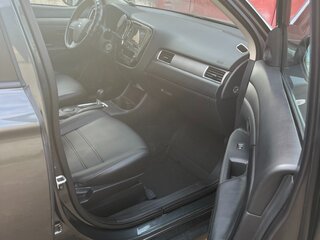 2015 Mitsubishi Outlander III Рестайлинг 2, серый, 1333000 рублей, вид 5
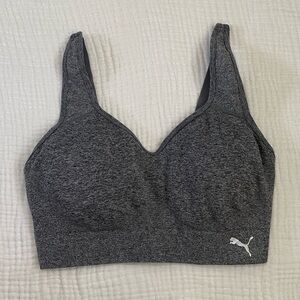 PUMA WOMENS SPORTS BRA - 2 PACK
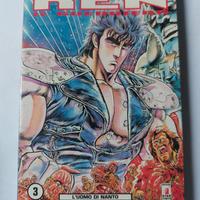 Fumetto Ken il guerriero n. 3 - L'uomo di Nanto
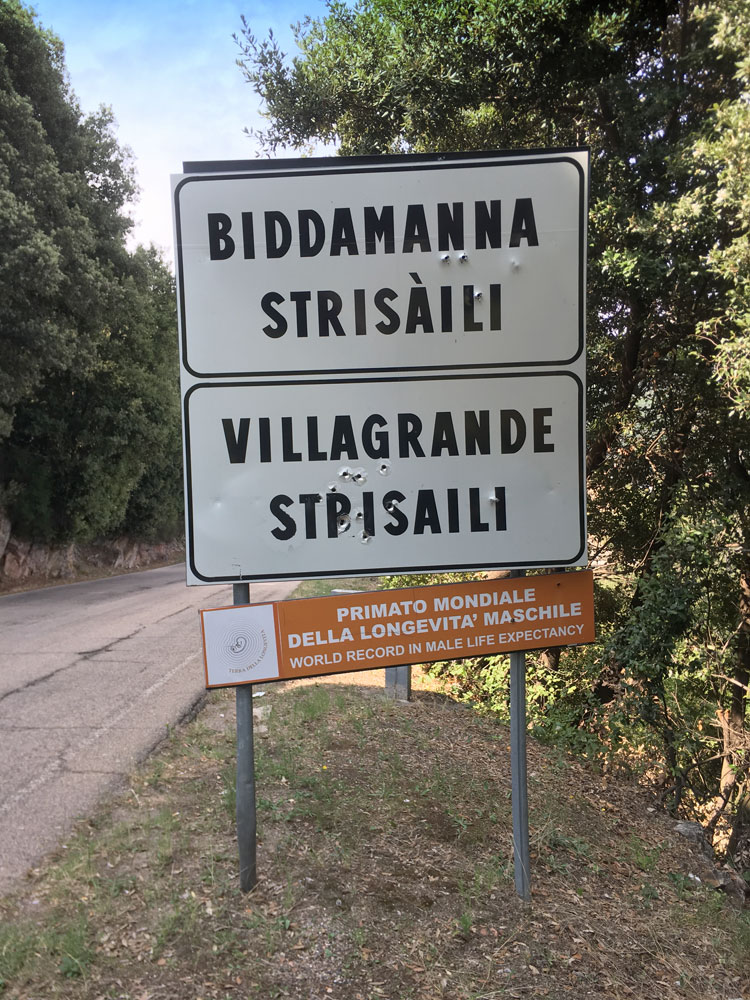 Villagrande Strisaili Villagrande Strisaili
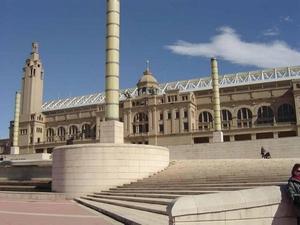 Stadio Olimpico Barcellona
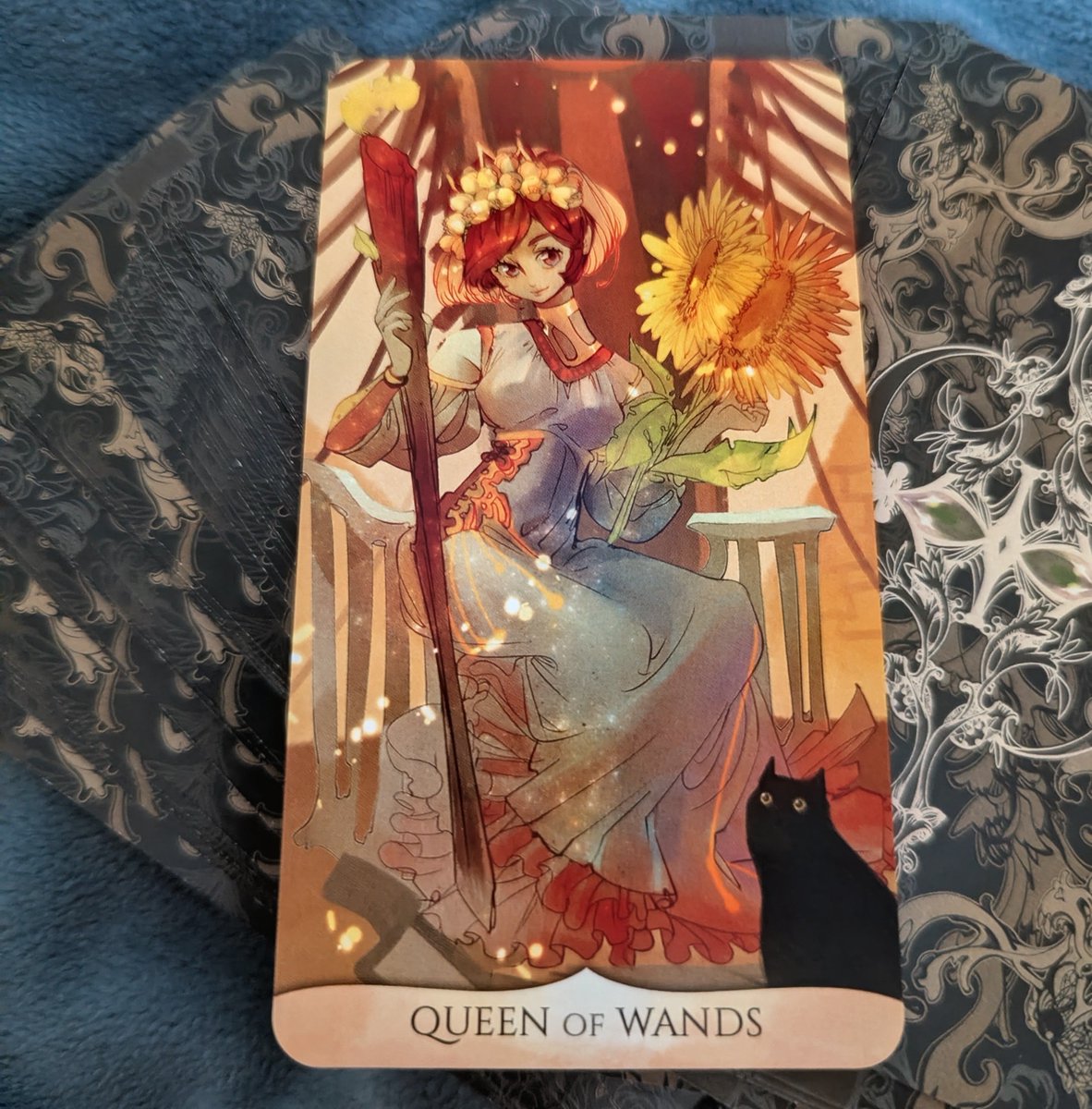 natsu_mkn5321's tweet photo. 落ち着かん
落ち着かるから、タロット引いてみた✨
とっても素敵なカードが出たよ🙌🙌
SHOooさんのお言葉
「まずは楽しむこと」
SHOooさん信じて着いてくのみ
1位👑3連覇💫
手にするんだぁ
掴むんだぁ
ラストラン楽しむぞーーー٩(˶>o<˶)و
@SHOoo_Singer
#SHOootingstar
#StageX
#ラストラン https://t.co/JtWD9d7SXv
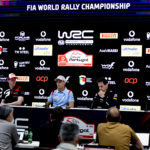 WRC – Vodafone Rally de Portugal press conference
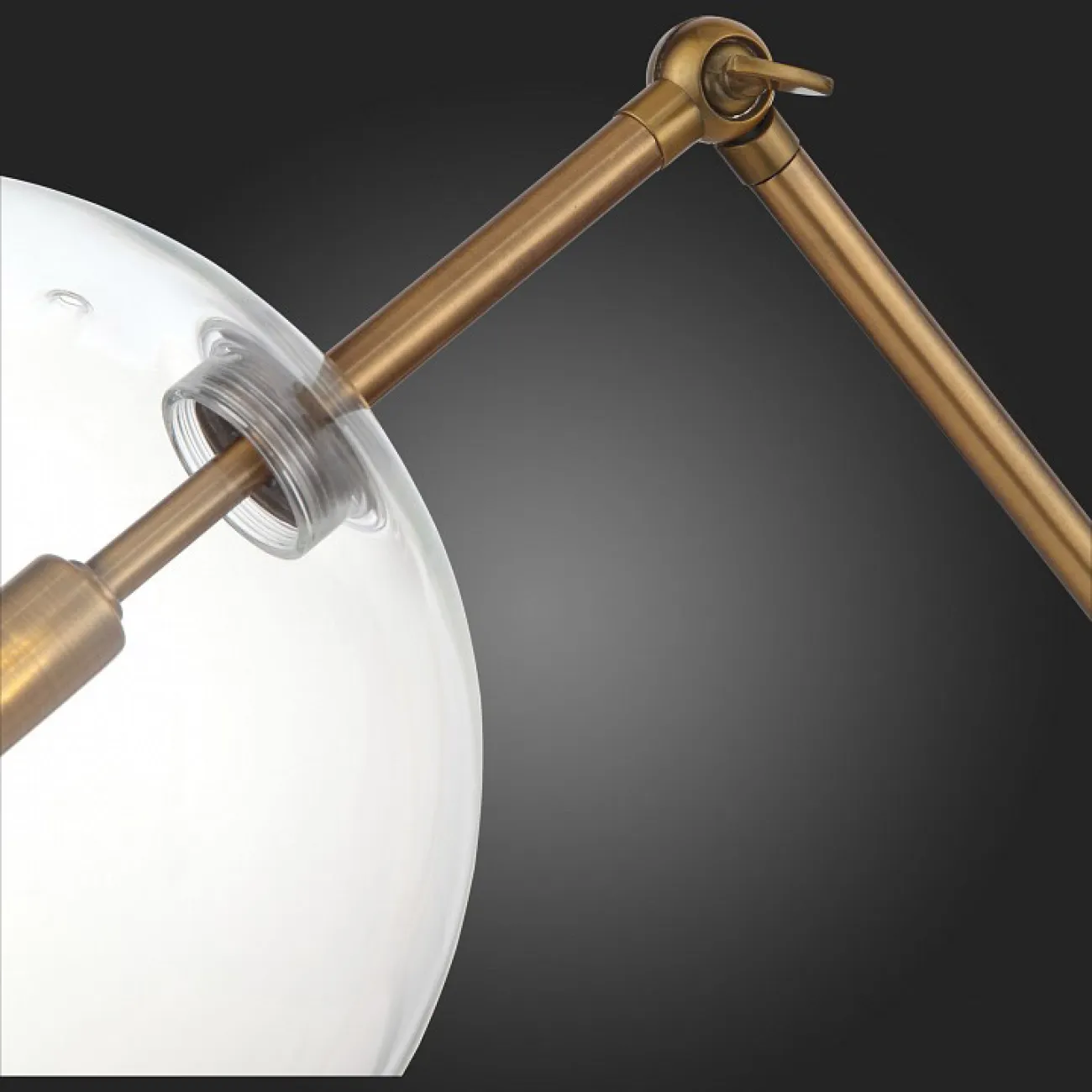 Настольная лампа KATRIN B TAB от ImperiumLoft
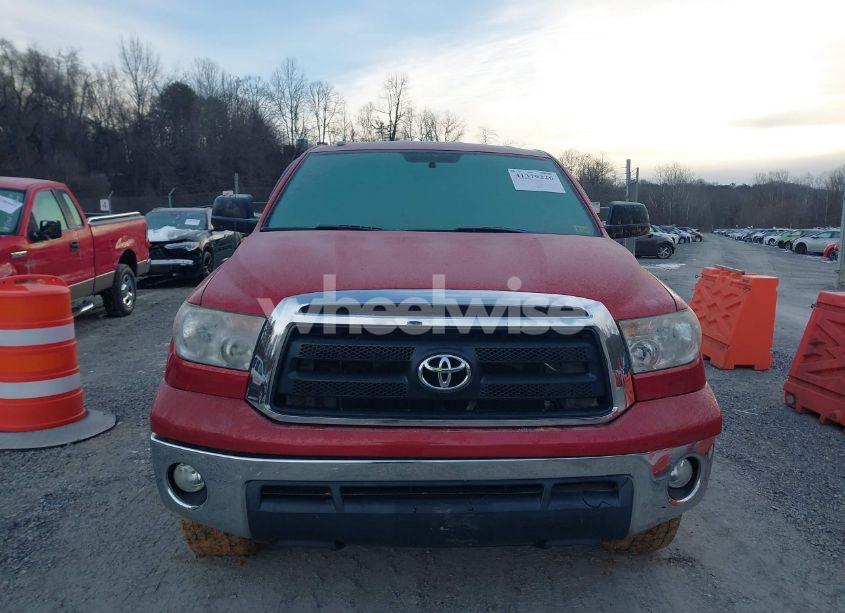 Photo 12 of 2011 Toyota Tundra GRADE 5.7L V8 (VIN 5TFUY5F11BX166173)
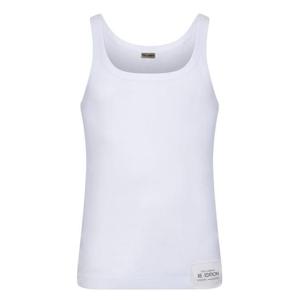 돌체앤가바나 민소매 티셔츠 M8E98J OUAIJ W0800 White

→ **Work instruction**
Starting at the line that holds "#SHOootingstar", write out every remaining line of the material above exactly as it appears. Pictures should not be copied.

→ **Response**
#SHOootingstar
#StageX
#ラストラン https://t.co/JtWD9d7SXv
 WRC – Vodafone Rally de Portugal press conference
 Настольная лампа KATRIN B TAB от ImperiumLoft
 Photo 12 of 2011 Toyota Tundra GRADE 5.7L V8 (VIN 5TFUY5F11BX166173)
 돌체앤가바나 민소매 티셔츠 M8E98J OUAIJ W0800 White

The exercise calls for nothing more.